Auf dem Bodensee ist sie einzigartig und der ganze Stolz des Vereins Internationales Bodensee-Schifffahrtsmuseum. Die Rede ist von der Hohentwiel, dem letzten Schaufelraddampfer auf dem schwäbischen Meer. Zum 100. Geburtstag in diesem Jahr ist nun ein Buch über die „alte Dame“ erschienen, wie die Hohentwiel von der Autorin Hildegard Nagler bezeichnet wird.

Die Journalistin ist schon lange Liebhaberin des Schiffs und berichtet seit vielen Jahren für die Schwäbische Zeitung aus der Bodenseeregion. Für ihr Werk recherchierte sie unter anderem in den Akten des Vereins. Aber auch im Stadtmuseum Zürich, in dem sich die Original-Kalkulationsbücher der Werft von Escher Wyss & Cie. befinden.

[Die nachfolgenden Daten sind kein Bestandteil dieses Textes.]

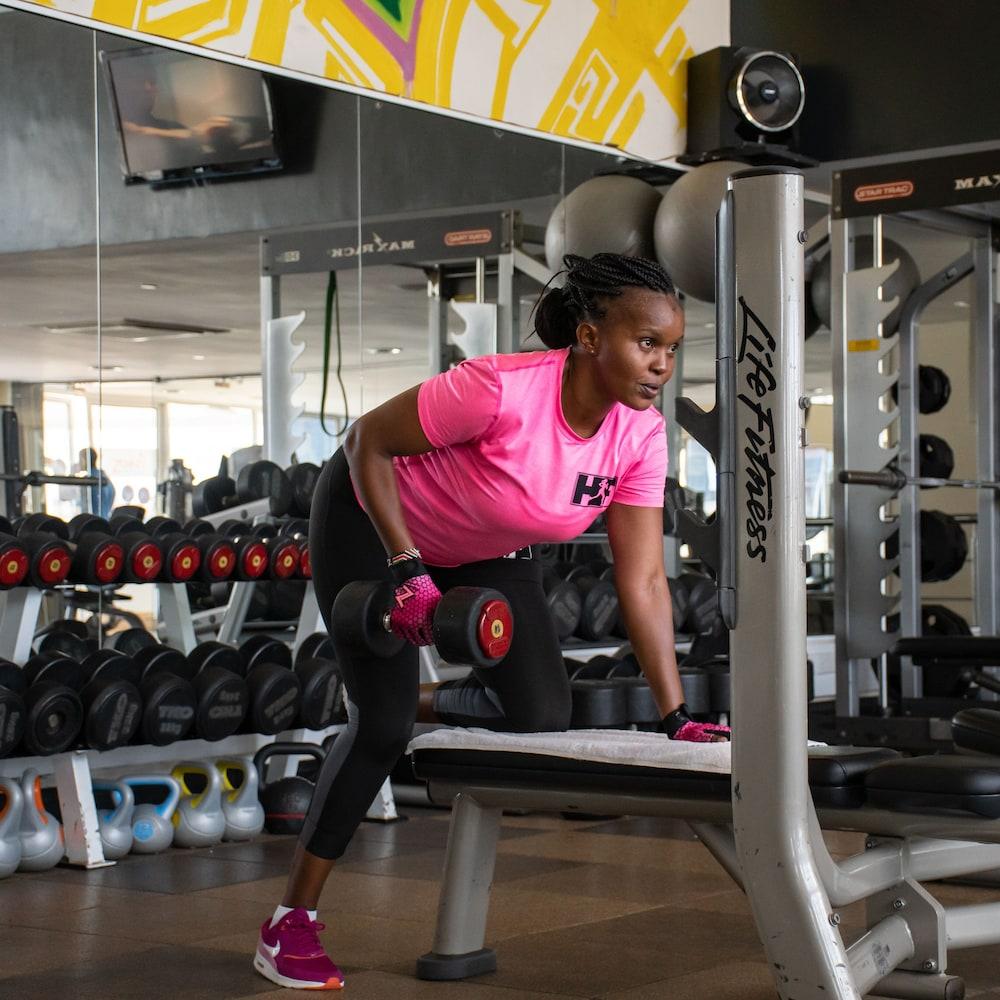 The Boma Nairobi Hotel Buitenkant foto A woman performing a dumbbell row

Aber auch im Nachlass der Gestalter wurde sie fündig.

Auf 128 Seiten berichtet Nagler über ein überaus bewegtes Dampfer-Leben: Erbaut wurde sie einst als Luxusschiff im Auftrag des württembergischen Königshauses. Aber auch für NS-Einsätze war die Hohentwiel auf See. Nach dem Zweiten Weltkrieg diente sie als Wohnschiff für die französische Besatzung. Denn während ihr Schwesterschiff Friedrichshafen wie auch die Württemberg bei Fliegerangriffen zerstört wurden, überstand die Hohentwiel den Zweiten Weltkrieg unbeschadet.

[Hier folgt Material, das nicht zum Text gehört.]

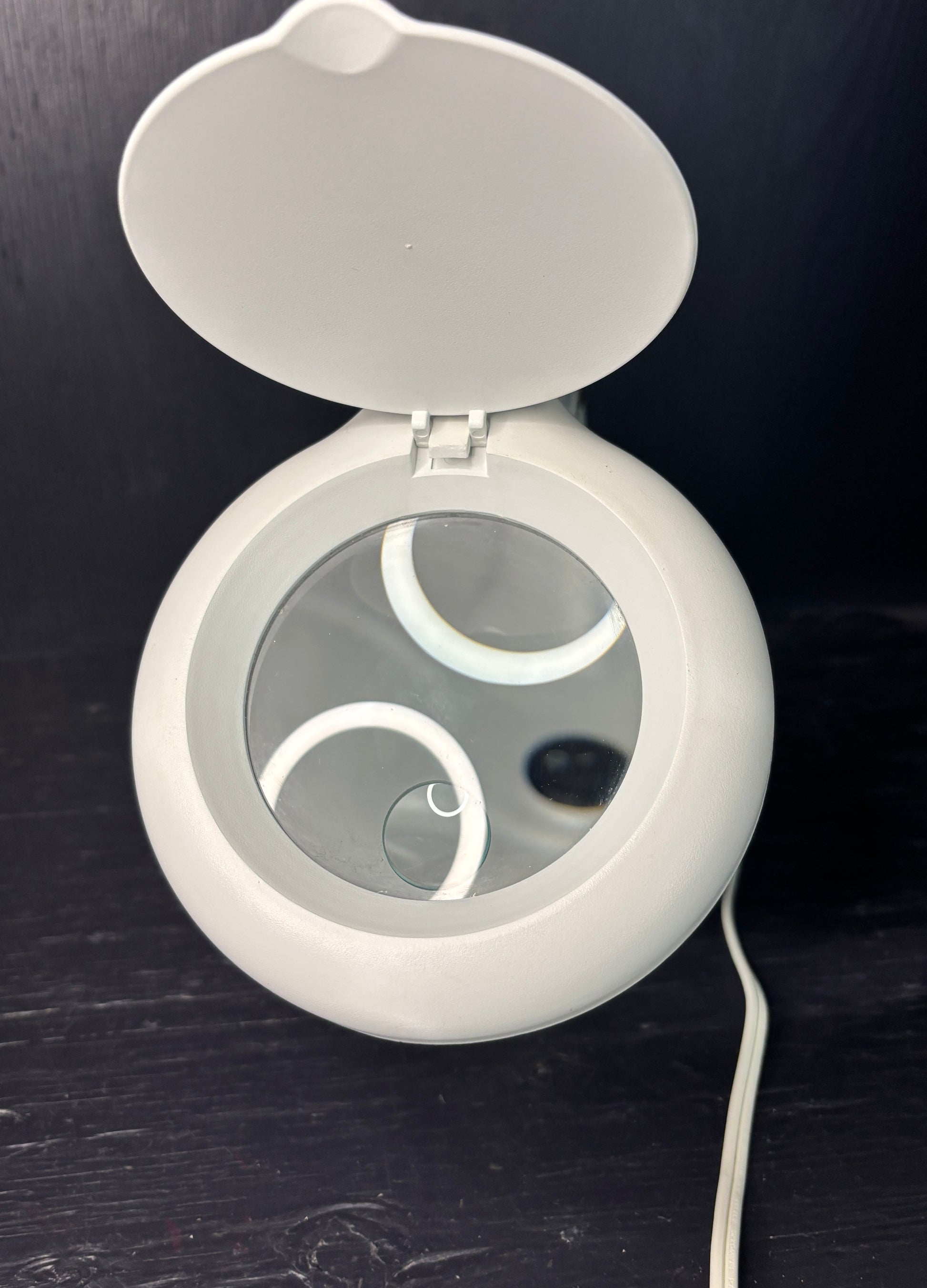 Round white device with a mirror on a dark surface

Nachdem 1962 die Dampfmaschine ihren Geist aufgegeben hatte, rettete der Bregenzer Segelclub den Dampfer vor der Verschrottung. Als Clubhaus verbrachte sie ab 1963 anschließend über 20 Jahre im Bregenzer Hafen, bis der gastronomische Betrieb aus Sicherheits- und Hygienegründen eingestellt werden musste. Daraufhin scheiterten mehrere Versuche, das Schiff restaurieren zu lassen. 1984 gründete die Initiative der Konferenz der Regierungs- und Ressortchefs der Bodensee-Anrainerländer (IBK) dann den Verein Internationales Bodensee-Schifffahrtsmuseum. Den kostete die Restaurierung rund 2,4 Millionen Euro – 1913 war der Dampfer für 340 000 Mark gebaut worden.

Warum die Mitglieder des Vereins sowie viele weitere Helfer all ihr Herzblut in das waghalsige und kostenaufwendige Projekt gesteckt haben, erfährt man ebenfalls in Naglers Buch. In kurzen Porträts stellt sie einen Teil der 186 Firmen und Persönlichkeiten vor. So erfährt man unter anderem, wie der Vereinspräsident Klaus Henninger Paul Dornier durch einen Sitzstreik vor dessen Büro eine sechsstellige Summe für die Rettung abschwatzt und warum der Schiffsingenieur und Kapitän Reinhard E. Kloser an den Erfolg des Projekts glaubte. Außerdem erzählt Herzog Friedrich von Württemberg, wo sich sein Lieblingsplatz auf der Hohentwiel befindet. Seine Familie hatte den Dampfer einst erbauen lassen und beteiligte sich ebenfalls finanziell an der Restaurierung.

Neben Skizzen, Zeichnungen und schönen Bildern des Schiffes baut Nagler immer wieder Hohentwiel-Geschichten ein – Anekdoten über die Menschen auf dem Schiff. Sie erzählt beispielsweise wie eine Eifersuchtsszene um eine Dame in einer Schlägerei endete. Oder wie 1913 Graf Ferdinand von Zeppelin seinen 75. Geburtstag mit einem bodenständigen Menü auf der Hohentwiel feierte: nach einer Maultaschensuppe als Vorspeise gab es einen Schwäbischen Zwiebelrostbraten mit Spätzle und Kartoffelkroketten.

Hildegard Nagler , Verein Internationales Bodensee-Schifffahrtsmuseum (Hrsg.): Faszination Hohentwiel. Die ersten 100 Jahre eines einzigartigen Dampfers. 128 Seiten. Gessler Verlag. 29,80 Euro.